#### Supplied data

__________

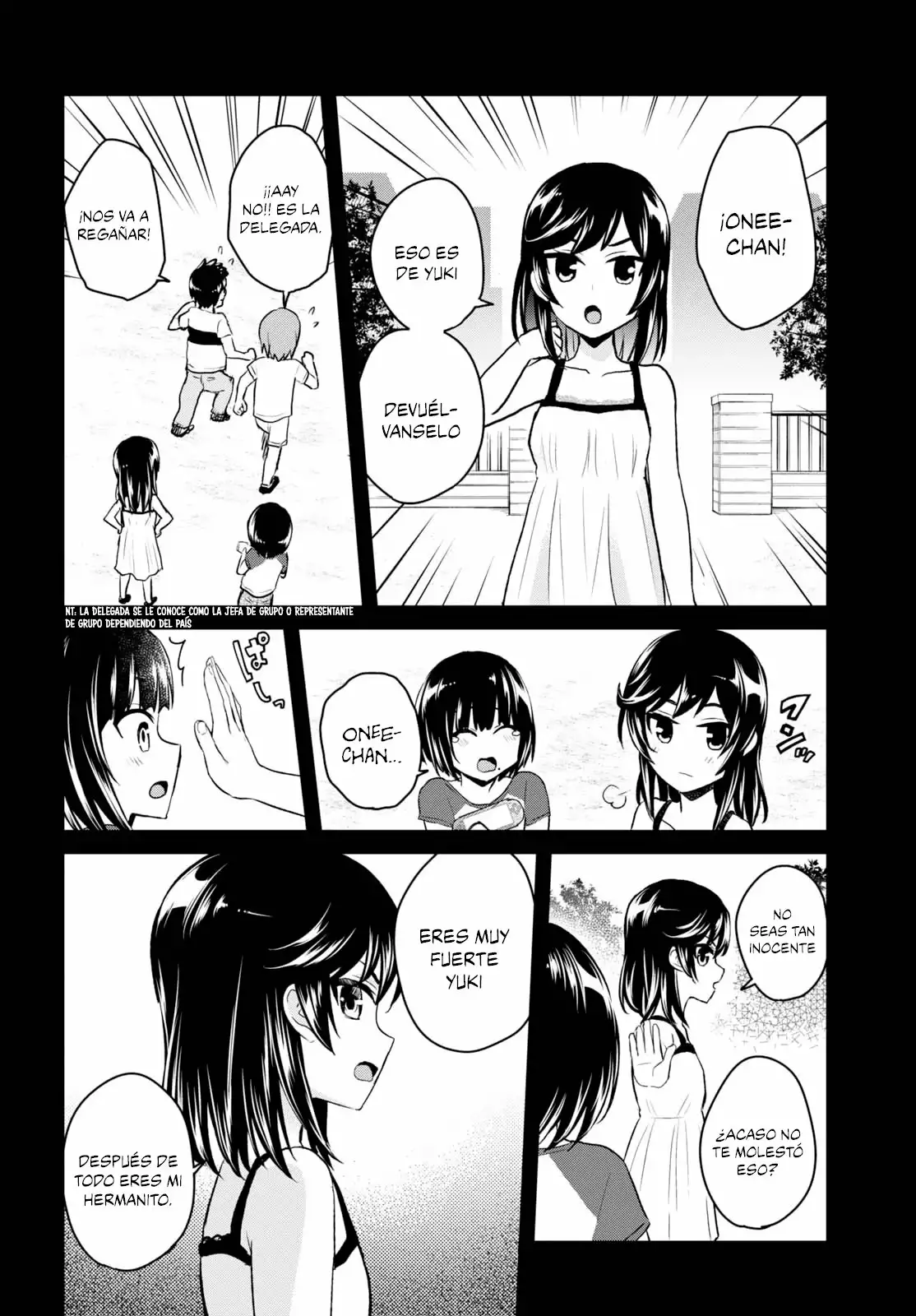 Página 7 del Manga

__________

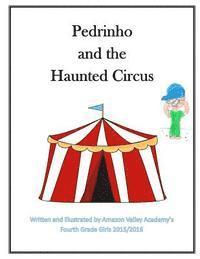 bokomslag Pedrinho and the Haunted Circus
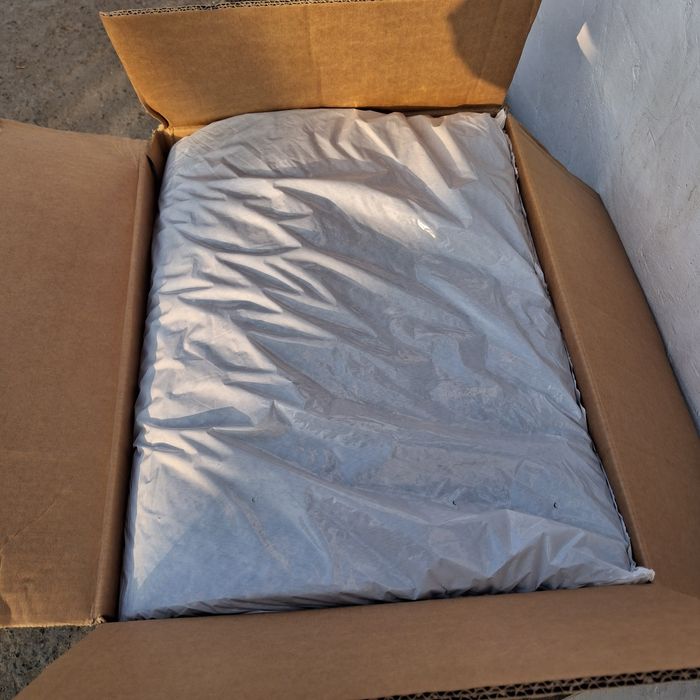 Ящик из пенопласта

__________

#### What you are asked to do
I would like the exact lines from the data above, starting with the one that holds "bokomslag Pedrinho and the Haunted Circus" and going on through the one that holds "Ящик из пенопласта", without the pictures.

#### Output
 bokomslag Pedrinho and the Haunted Circus
 Ящик из пенопласта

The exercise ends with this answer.